Before Abraham was, “I AM”!

The question that the Jews ask Jesus and the question that is asked many times over about Him; are you God?

The Jews first say that Jesus is a Samaritan and accuse Him of having a Demon! To which Jesus replies:

49 … “I do not have a demon, but I honor my Father, and you dishonor me. 50 Yet I do not seek my own glory; there is One who seeks it, and he is the judge. 51 Truly, truly, I say to you, if anyone keeps my word, he will never see death.”

Well, this really gets under their skin because they are now convinced more than ever that Jesus has a Demon because they know that:

‘Abraham died, as did the prophets, yet you say, ‘If anyone keeps my word, he will never taste death.’

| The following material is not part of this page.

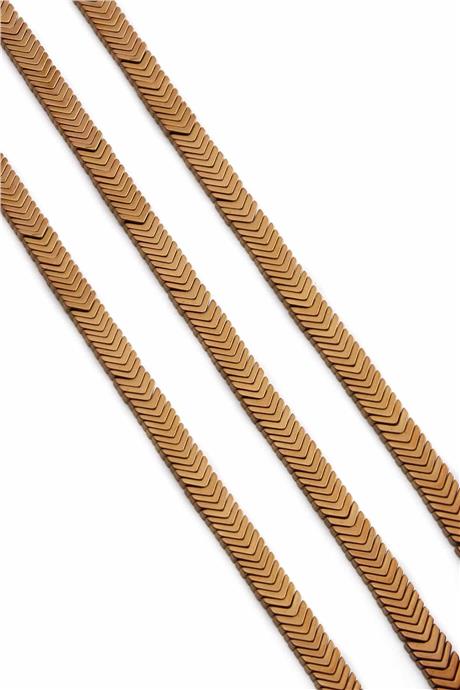 Hematit Taşı Çavuş Kesim Parlak Kahverengi 7x1mm Doğal Taş Dizi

Unbelief really has them messed up. So they press the issue:

53 Are you greater than our father Abraham, who died? And the prophets died! (… and here comes the big question …) Who do you make yourself out to be?”

The question that the Jews want to know is the same question that human reason can never grasp. How can this man be God? Their reason tells them that this man Jesus is not yet fifty years old so how can he say that:

56 Your father Abraham rejoiced that he would see my day. (and that) He saw it and was glad.” Then Jesus makes one more statement that really causes grief and anger among the Jews. He says:

“Truly, truly, I say to you, before Abraham was, I am.”

Truly, Christ Jesus got their attention with this statement; claiming to be God and using God’s divine name!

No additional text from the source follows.